Steven:Why meditation doesn't work for everyone and what you can do
Steven:about it on today's podcast.
Steven:Hello, I'm Steven Webb and welcome to Stillness in the Storms, the
Steven:podcast that helps you to find peace even in difficult times.
Steven:No fluff, no quick fixes.
Steven:Just honest and down to earth wisdom from someone who lives it every day,
Steven:so last week we went back to basics.
Steven:This week, I want to say something about what sits right next to that because we
Steven:are all different, I've grown up for so many years trying to change the world into
Steven:who I am without even realizing it that I had the answers, I had the common sense,
Steven:meanwhile, I didn't, I knew I didn't have all the peace and quiet.
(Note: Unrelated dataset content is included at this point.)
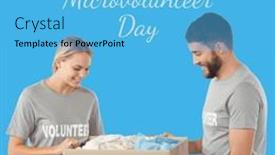 Presentation with text box - PPT theme consisting of composite-of-international-microvolunteer-day background and a light blue colored foreground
Steven:I knew I did not have everything sorted.
Steven:But meanwhile.
Steven:I was trying to convince 8 billion people to think and be like me and to fit into my
Steven:box because as soon as everybody fit into my box, I would then feel comfortable and
Steven:life would be a damn side better for me.
Steven:And I laugh about it now, and it's, do you know what?
Steven:It's easier to accept yourself than it is to change 8 billion people.
Steven:Trust me, I've tried.
Steven:It's hard work and I don't think I managed it with even one person.
Steven:So there you go.
Steven:If you're still trying to change the world, good luck.
Steven:It's a long, hard slog.
Steven:So why does meditation work beautifully for some people and
Steven:it doesn't work for other people?
Steven:And
Steven:why does one teacher work for one person?
Steven:Another teacher work for another, and someone will give you a
Steven:link or give you a self out book and they'll go, it's brilliant.
Steven:It's done everything.
Steven:It's changed my whole life.
Steven:And then you read it and you go, mm, yeah, no, didn't get much from it.
Steven:And I always say the more self-help books you read, you're better off
Steven:just putting a pile of them sitting on them and work out how your mind works.
Steven:Because if you do that for five minutes a day, that'll be better
Steven:than 10,000 self-help books.
Steven:And there's a reason for that because every self-help book is wrote.
Steven:And every teaching memoir is wrote from the altitude that author is at that time.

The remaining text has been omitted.